What does that mean in practice?
To illustrate the point I thought I’d refer to two start-up projects in Belgium which I’ve had the pleasure to interact with.
The first is “Le champignon de Bruxelles” (http://www.kisskissbankbank.com/le-champignon-de-bruxelles–2). When I started working with them last September, they had already been developing their business idea for a few months but didn’t have a community supporting them. Though the initial objective of our collaboration was to help them find some financing through crowdfunding, in reality, it resulted in much more.
I met with them yesterday to catch-up and ask how their business is developing. The feedback was very positive. Beyond the money which they got through crowdfunding, they also developed a customer base and a number of distribution channels for their product. Even better, they have been able to expand their team and the two recent additions are both a direct result of building their community though crowdfunding. The mushrooms are selling well and I suspect we will be seeing and hearing more about them in the future (http://www.eventail.be/component/k2/item/955-les-ambitions-d-un-champignon-asiatique-a-bruxelles).
The second start-up is the “Beer Project Brussels” (http://beerproject.be/our-project?lang=en). These guys understood the power of the community right from the beginning. In order to get the financing they needed, they decided to start selling their beer before they had produced it. The community has already contributed more than 150,000 euros to the project which has enabled them to realise their ambition of starting a micro-brewery in Brussels. It has also been a key factor in helping secure additional financing from Banks. Like “Le champignon de Bruxelles”, they will also tell you that it isn’t simply about the money. As an entrepreneur, it is difficult starting up your own business and at times it can feel isolating. Knowing that there are hundreds of people out there who believe in you, believe in your product and are helping you to promote it, makes a huge difference.
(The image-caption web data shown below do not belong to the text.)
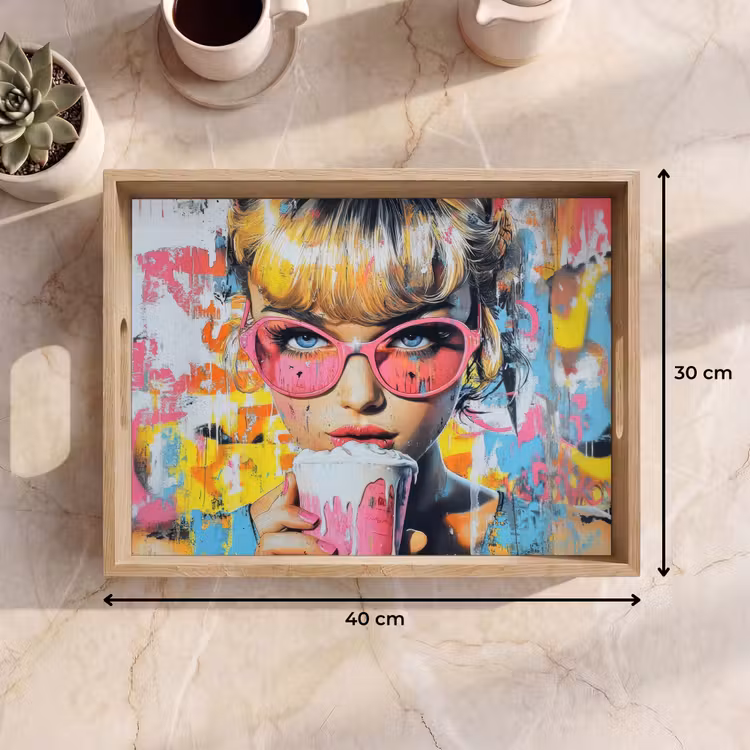Dienblad - Expressief - Milkshake - Vrouw - Felle kleuren — 9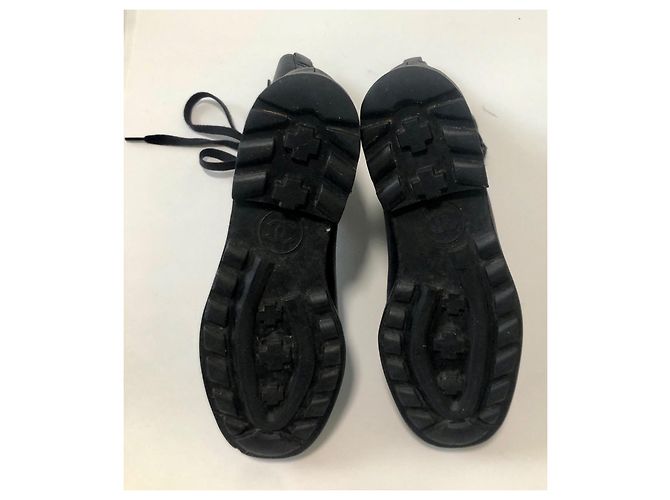 Chanel VENDIMIA 1993 ¡Botas de combate raras! Negro - vista 19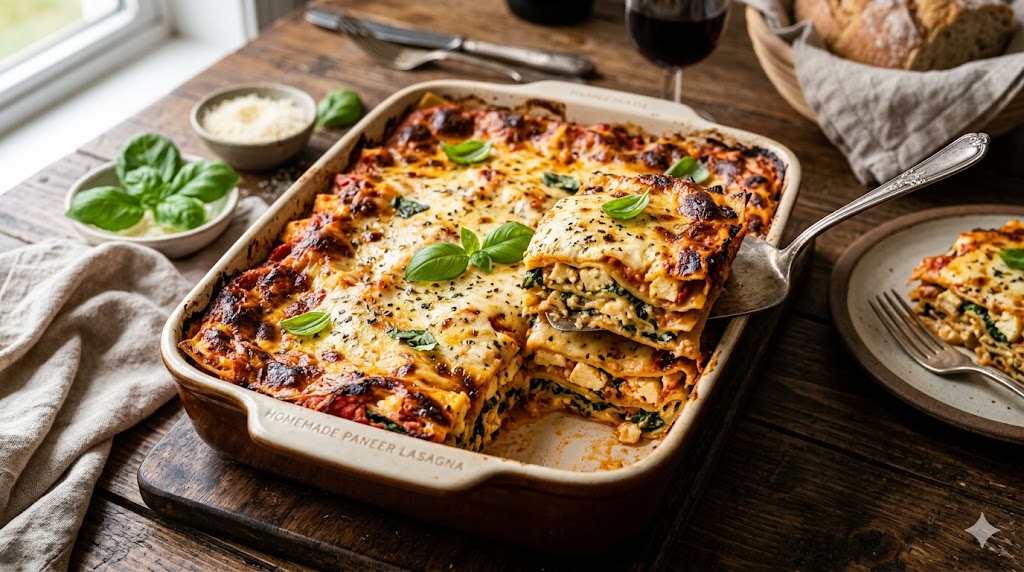 You are currently viewing Paneer Lasagna Recipe: Cheesy Indian Style Vegetarian Lasagna at Home
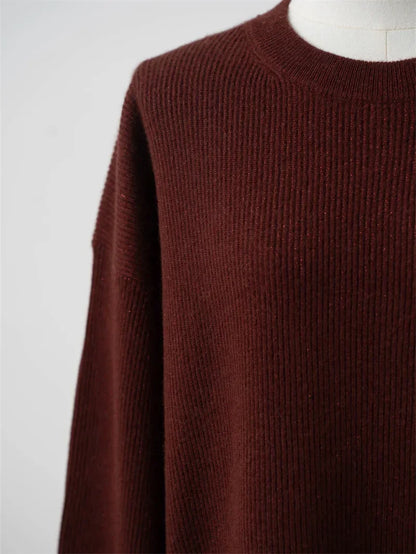 Damen Rundhals Pullover Strickpullover Gerippt Langarm Basic Oberteil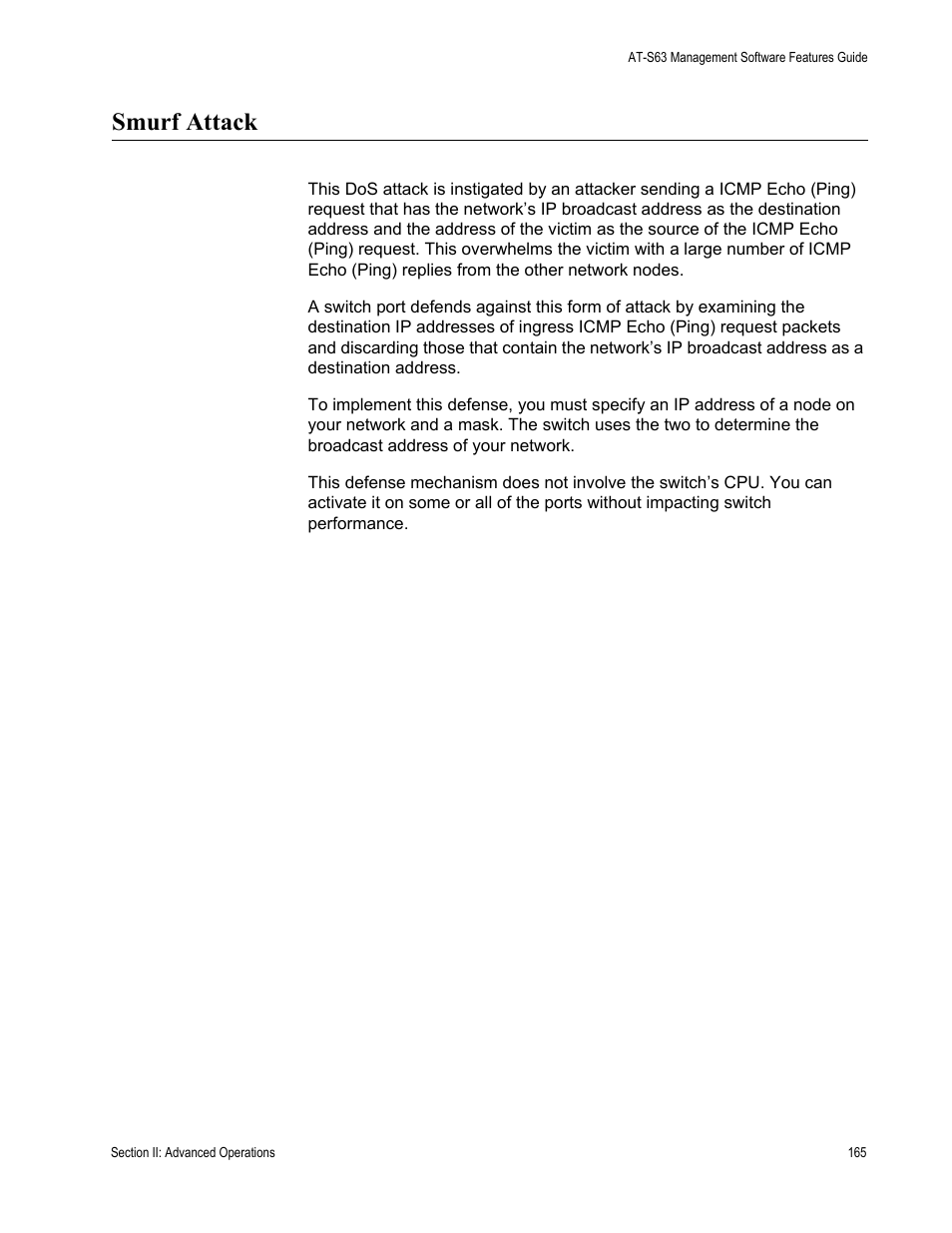 Smurf attack | Allied Telesis AT-S63 User Manual | Page 165 / 514
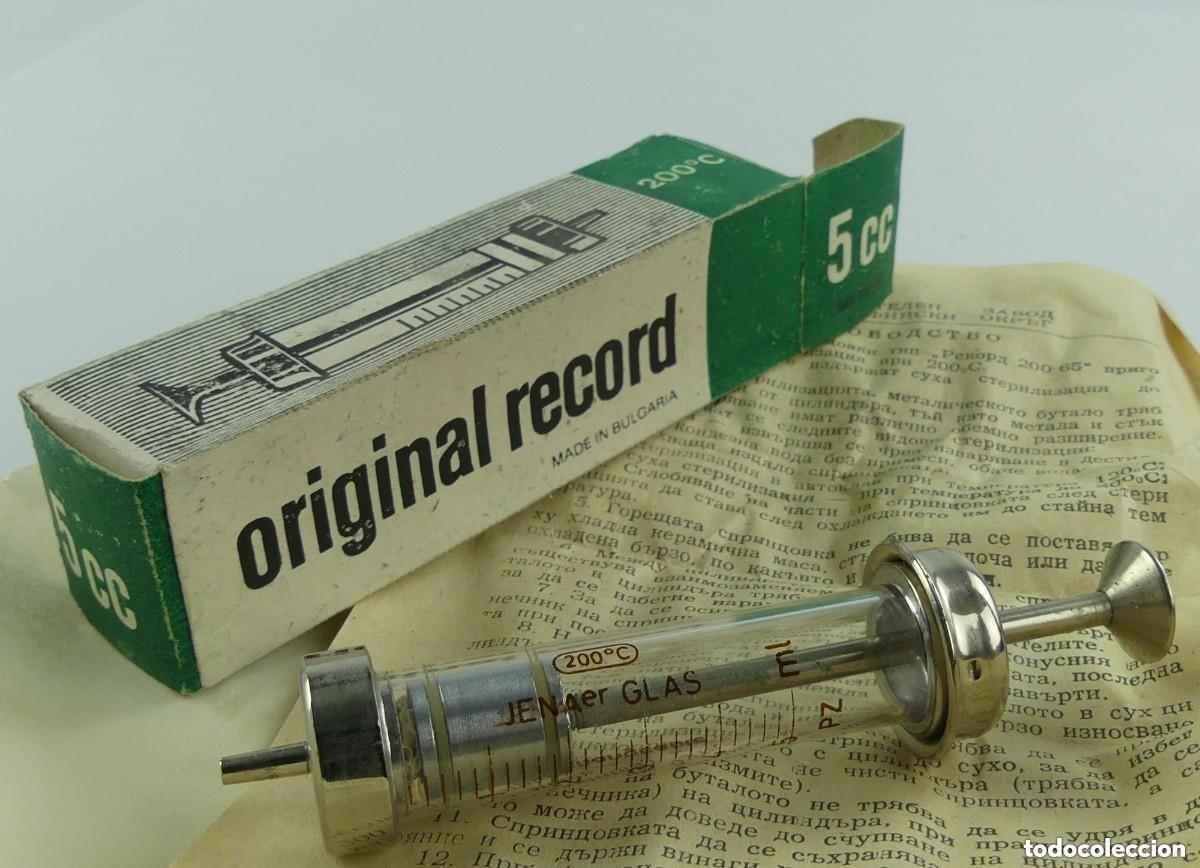 Oggetti Antichi: ANTIGUA JERINGUILLA 5 CC - HIPODÉRMICA DE VIDRIO - MADE IN BULGARIA
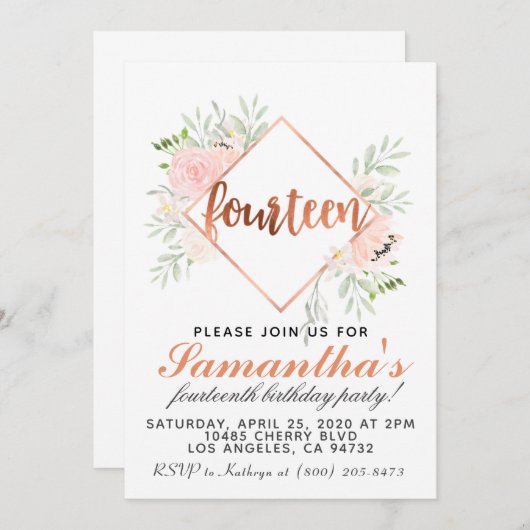 Invitation d'anniversaire du 14e Rose (Devant / Derrière)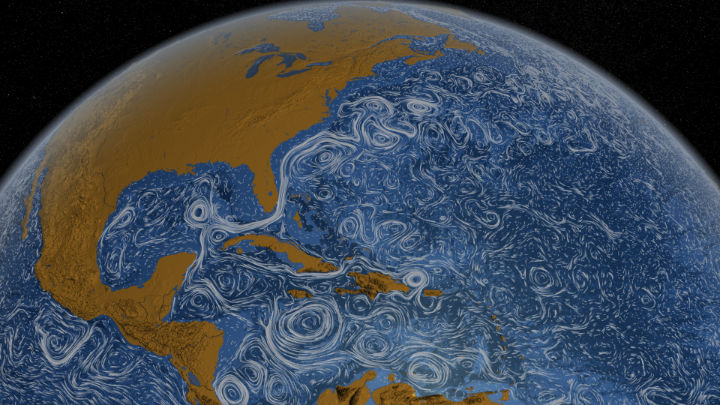 Ocean surface currents around the world during the period from June 2005 through Decmeber 2007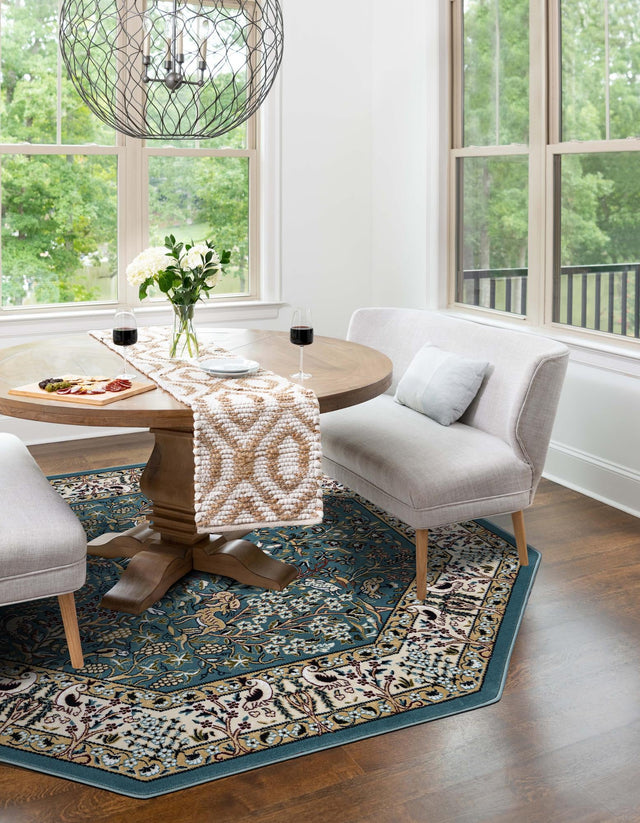 Blue 3' 1 x 3' 1 Narenj Octagon Area Rug 85% Polypropylene & 15% Polyester Traditional Classic Carpet for Living, Dining, Bedrooms, Office for Sale at Rug Engine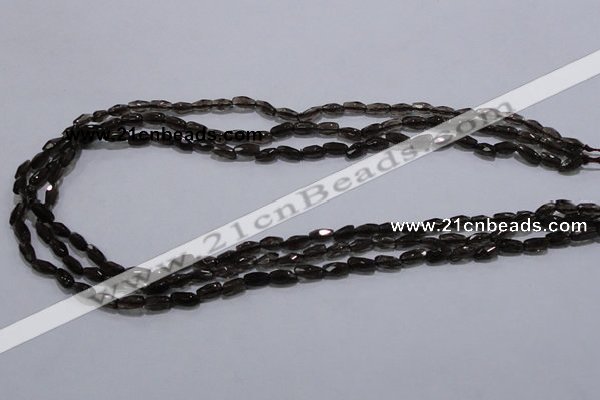 CSQ112 4*7mm faceted rice grade AA natural smoky quartz beads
So what about the consumers? I know some of the people who have contributed to the above crowdfunding campaigns as well as to other campaigns. There is a real sense of “doing some good” and being part of something innovative when you join such a community. Being able to see their evolution is also great.
As I said at the beginning, this isn’t simply about “online” communities or crowdfunding. Its about the growing desire around us to re-engage with communities in practical ways and around shared visions and goals. There are lots of other examples I could cite within Belgium and beyond but at this stage, enough said…. You’ll soon start to experience it yourself!